Discourse is the only way to bring peace to the South

Discourse is the only way to bring peace to the South

Before talks can succeed, the authorities must accept that the southern insurgency is not about religion but deep historical and socio-cultural differences

Last Saturday more than 6,000 residents of the three southernmost provinces showed up at Prince of Songkhla University’s Pattani campus to take part in a seminar that became more of a political rally. The participants vented their frustration at the state’s handling of the ongoing insurgency and almost daily violence in the Malay-speaking deep South.

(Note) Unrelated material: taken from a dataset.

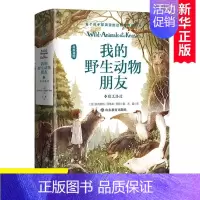 [正版]我的动物朋友2狼王洛波 欧内斯特汤普森西顿 动物生活百科全书 作家曹文轩沈石溪等感动书籍 儿童动物百科书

At the rally, a song was sung for the late Mahrosu Jantarawadee, head of a Malay-Muslim militant cell in Narathiwat’s Bacho district, who was killed in a gunfight with security forces on February 13. Youths in the South have printed T-shirts to commemorate Mahrosu. Eulogising him in song is an indication of how strong feelings are running in the region.
Video footage of Mahrosu’s funeral has been circulating on the Internet. Needless to say, the film has irked political leaders and the security agencies because it contradicts their statements that generally paint the young men involved in the insurgency as a bunch of drug-crazed criminals who embrace a “wrong” version of Islam and a distorted national history.
For many people in the South, Mahrosu was a hero, and he was buried as a martyr, in line with Islamic tradition. 
Attempts have been made by the Thai authorities to get clerics in the deep South to say Mahrosu was not a shahid, or martyr, but no one will dare to, partly because they don’t want to go against public sentiment. There is also the probability that many clerics in the region see the separatist militants taking up arms for a just cause.
But the national authorities have always tried to use the religious card in spite of the general acknowledgement that the conflict is ethno-nationalist in nature. 
There is an old saying: be careful what you wish for, because you might just get it. This conflict is not about religion, so the authorities should not try to make it appear as if it is. The authorities’ handling of the Patani Malay nationalist separatists has been bad enough so far. Just imagine if they were confronted by groups of armed Muslim fanatics.
The event last Saturday and the excitement it generated came as the Thai authorities are encouraging, publicly anyway, more space for public discussion about the root cause of the conflict. This is not to mention the fact that Bangkok has been billing the recent “agreement” between the government and a group of men who claim to be representing a long-standing separatist group – the Barisan Revolusi Nasional-Coordinate – as a big breakthrough.
Moreover, the National Security Council, in its national plan released last year, also called for greater discussion between the state agencies and those with opposing views.
However, the authorities remain frustrated because the ongoing discourse doesn’t fit into the officially constructed narrative. This is not to say that public space shouldn’t be opened up in an attempt to resolve the conflict. The bottom line is that the Thai authorities must prepare for what’s ahead. It’s so hard for those in power to understand why many of the Malay-Muslims in the region share the same sentiment as the insurgents, although most polls show that they do not support or agree with the violence. 
How the authorities handle this affair will have a direct impact on whether peace can be achieved anytime soon. Asking news outlets not to run the video footage is not the answer. The cat is already out of the bag. Now the government and its agencies have to deal with it.